Southgate’s Plan Pays Off
Southgate’s rise was built differently. The 37-year-old did his best work early, collecting five birdies on the front nine and turning in 31. From there, he held the round together with the sort of discipline that rarely looks dramatic until the scorecard is signed.
He has dropped just one shot through 36 holes, and his second round at Golf Sempach was bogey-free. That tends to suggest a man not merely playing well, but thinking clearly.
“I like the golf course,” he said. “I played here a long time ago and I got my head around it this week after a couple of practice rounds.
“I stuck to my game plan really well and I’m proud of myself for doing that really.
“I wrote down on Monday and Tuesday exactly what I wanted to do and stuck to it which is powerful for me.
“I’ve not been lacking confidence this year.

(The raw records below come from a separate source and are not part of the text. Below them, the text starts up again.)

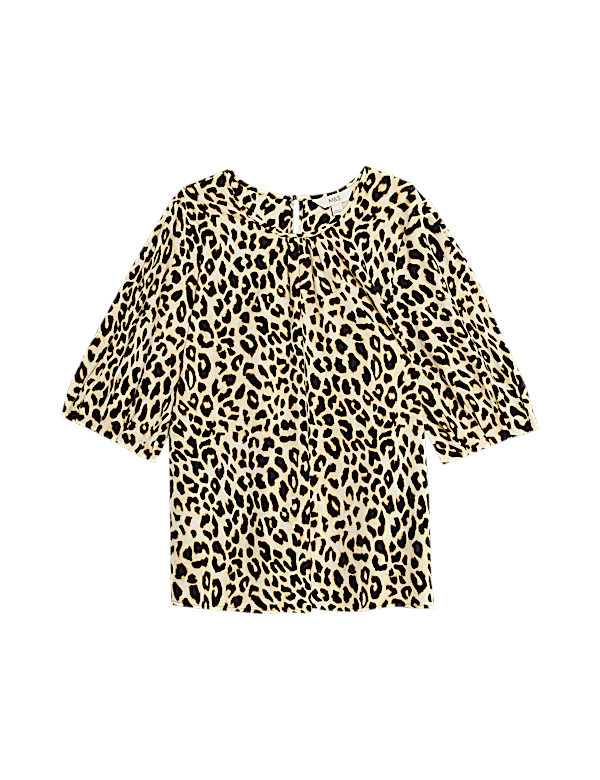 Animal Print Gathered Neck Top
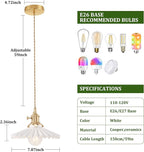 Pendant Light 2 Pack with White Pleated Ceramic Lmapshade, Brass Vintage Pendant Light Adjustable Hanging Light for Kitchen Island Dining Room Hallway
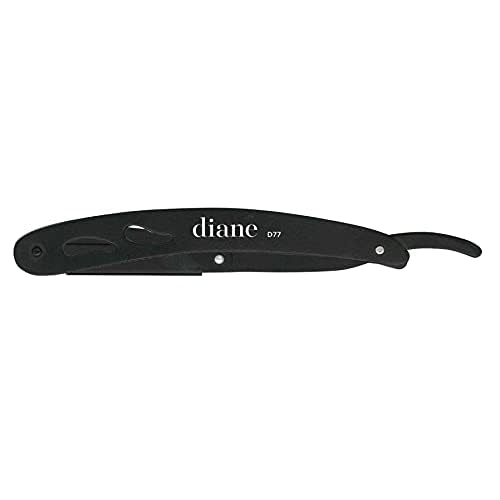 Diane Professional Straight Edge Shaving Razor, Black, 0.15 lb (Pack of 2)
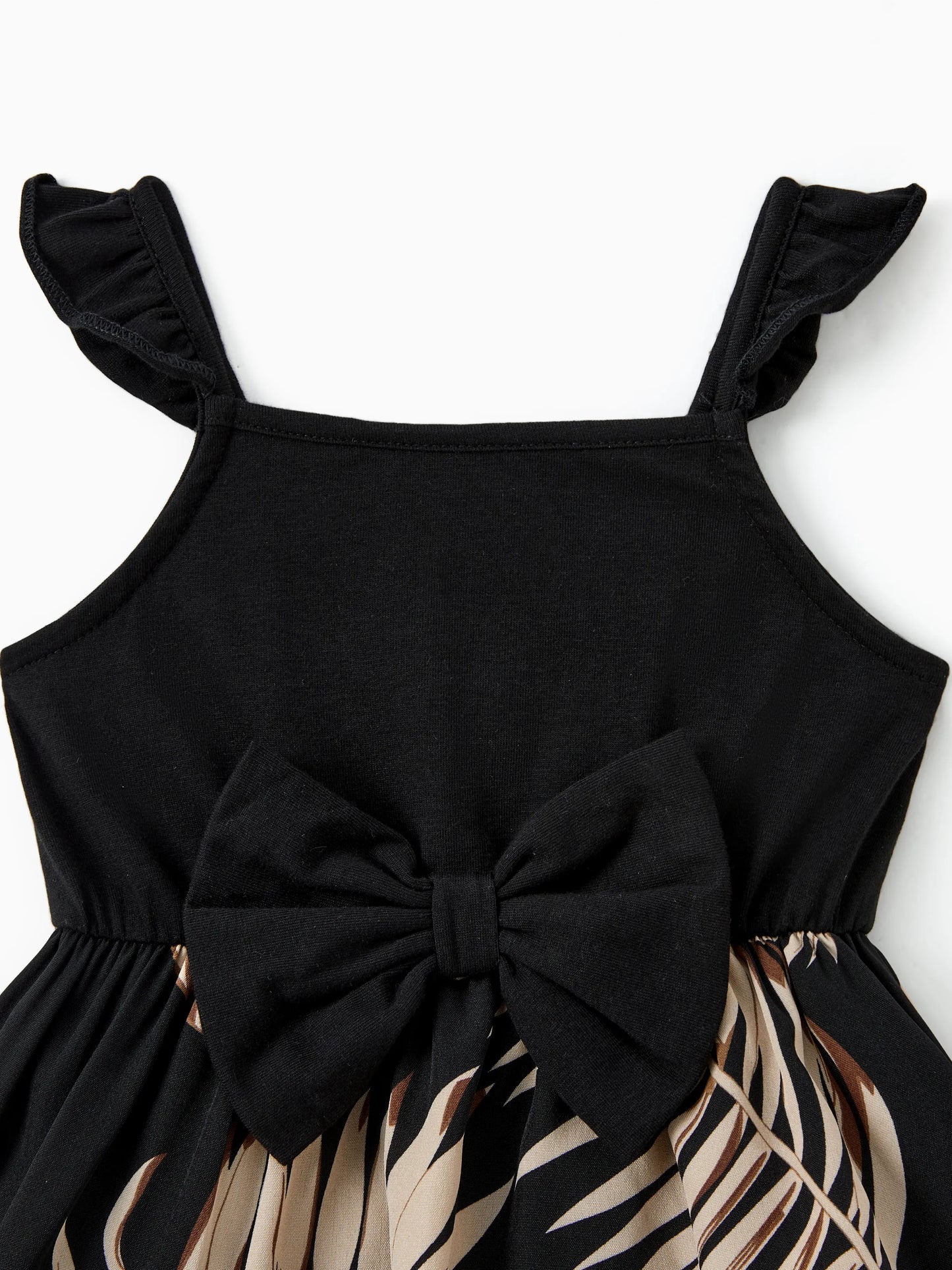 Family Matching Floral Print Belted Cami Dresses And Solid Short Sleeve Tops Sets Black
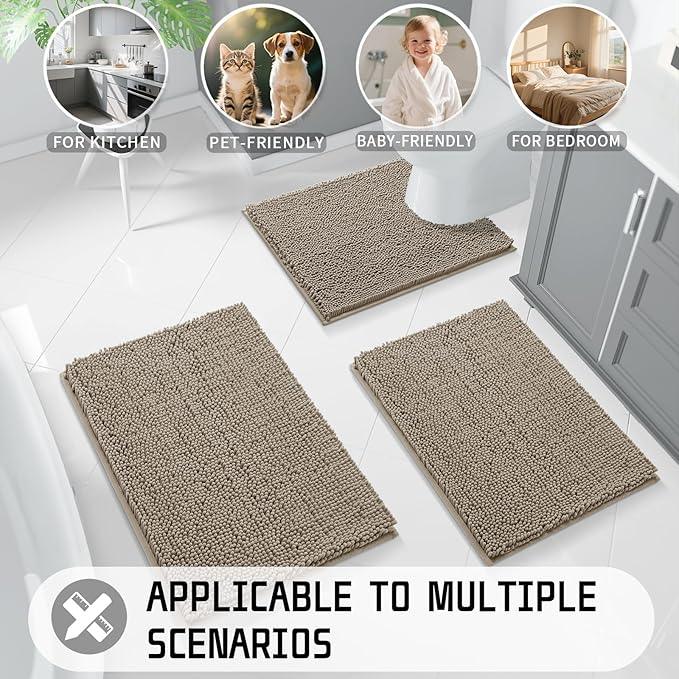 Yimobra Washable Bathroom Rugs, Super Soft & Absorbent Chenille Bath Mat for Floor & Carpet, Quick Dry Non Slip Bath Mat for Tub Shower, 32"x20",Camel - ModernBath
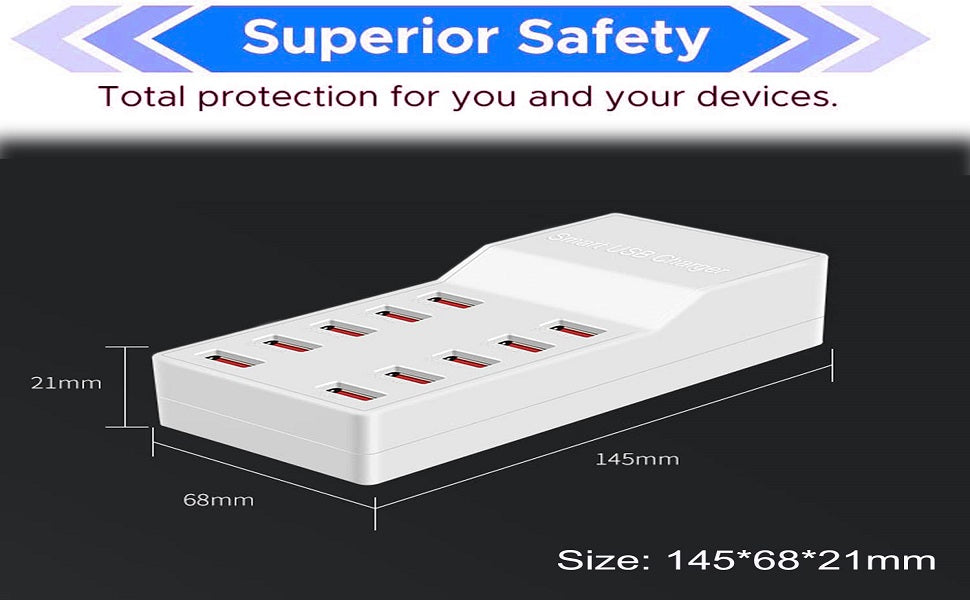 Maxlaxer USB Charger Station,10-Port 50W/10A Multiple USB Charging Station,Multi Ports USB Charger Charging for Smartphones，Tablets，and Other USB Devices.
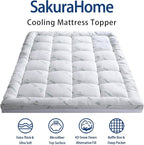 Mattress Topper California King Size, Cooling Extra Thick Breathable Viscose Made from Bamboo Mattress pad, Soft Quilted Fitted Mattress Cover with 1000 GSM Down Alternative Fill (8-21”Deep Pocket)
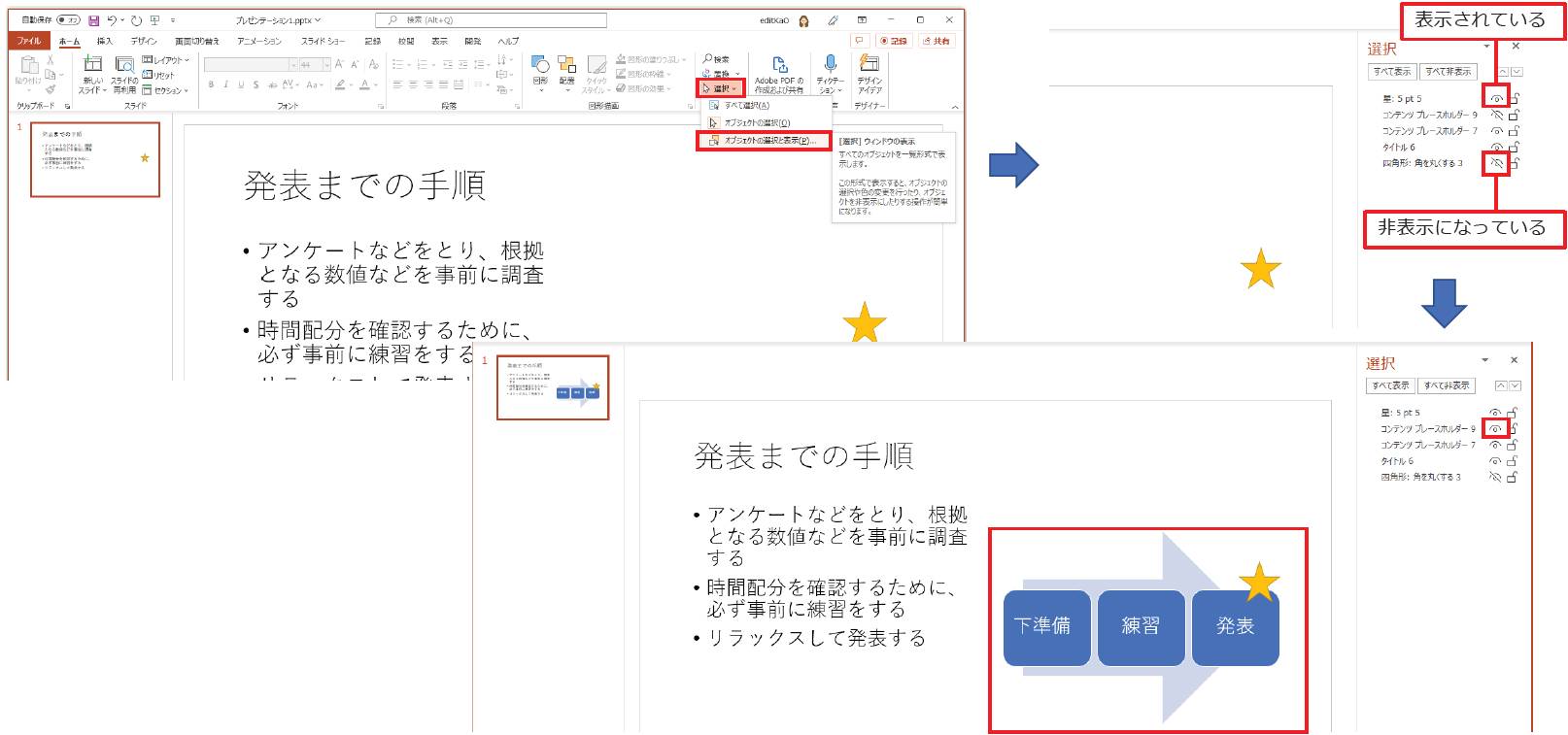 「ホーム」タブの「編集」グループの「選択」ボタンの「オブジェクトの選択と表示」をクリックして、「選択」ウィンドウを表示する。一覧の右側のアイコンで表示または非表示になっているかを確認しよう。表示を切り替えるには、そのアイコンをクリックすればよい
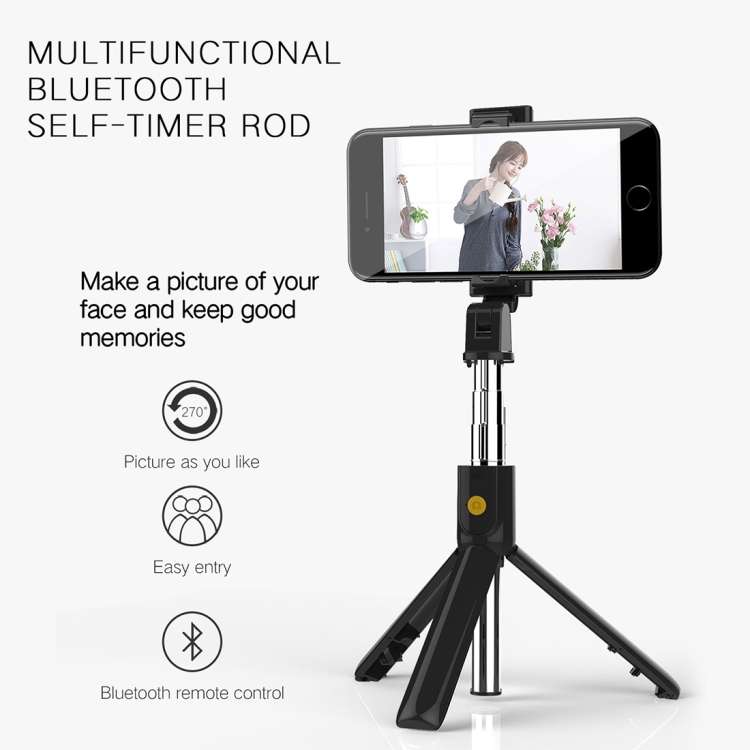 K10 Bluetooth 4.0 Mobile Phone Adjustable Bluetooth Selfie Stick Self-timer Pole Tripod (Black)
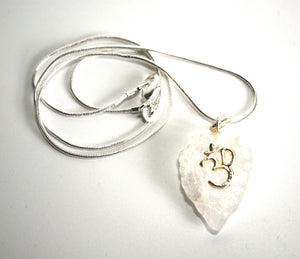 Clear Quartz 'Om' Crystal Arrowhead Pendant with Silver Chain Gift Wrapped - Krystal Gifts UK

I landed on some good yardages for some shots that really suited me today.
For Southgate, the value was not just in the birdies. It was in avoiding the sort of small, irritating mistakes that nibble at tournament rounds like midges at dusk.
“Going bogey free meant that I stuck to the game plan well,” he added. “You need to go on those runs where you really start to turn the heat up, so it was nice to get that going today.”
A Crowded Chase Behind The Leaders
Bloor and Decottignies-Lafon remain very much in the conversation at 11 under par. One shot back at this stage is not so much a deficit as a mildly inconvenient parking space.
Barron and Vorster, both at ten under, are hardly out of touch either. With scoring clearly available at Golf Sempach, the third round of the Swiss Challenge has all the ingredients required for movement: calm players, low numbers and just enough leaderboard pressure to make even a three-footer look like it has developed a personality.
That is the charm of this stage of a tournament. Friday sorts the form from the furniture. Saturday asks who can keep breathing normally when the leaderboard starts whispering.
The Weekend Setup
The third round of the Swiss Challenge gets underway at 07:50 local time, with Ahlawat and Southgate teeing off at 12:45.
Ahlawat brings momentum and a wonderfully uncomplicated attacking plan. Southgate brings structure, patience and the evidence of a man who wrote down his intentions and then, rather inconveniently for everyone else, followed them.
Golf Sempach has offered birdies. The leaders have accepted them. Now comes the less polite part: holding the door shut while the rest of the field tries to kick it in.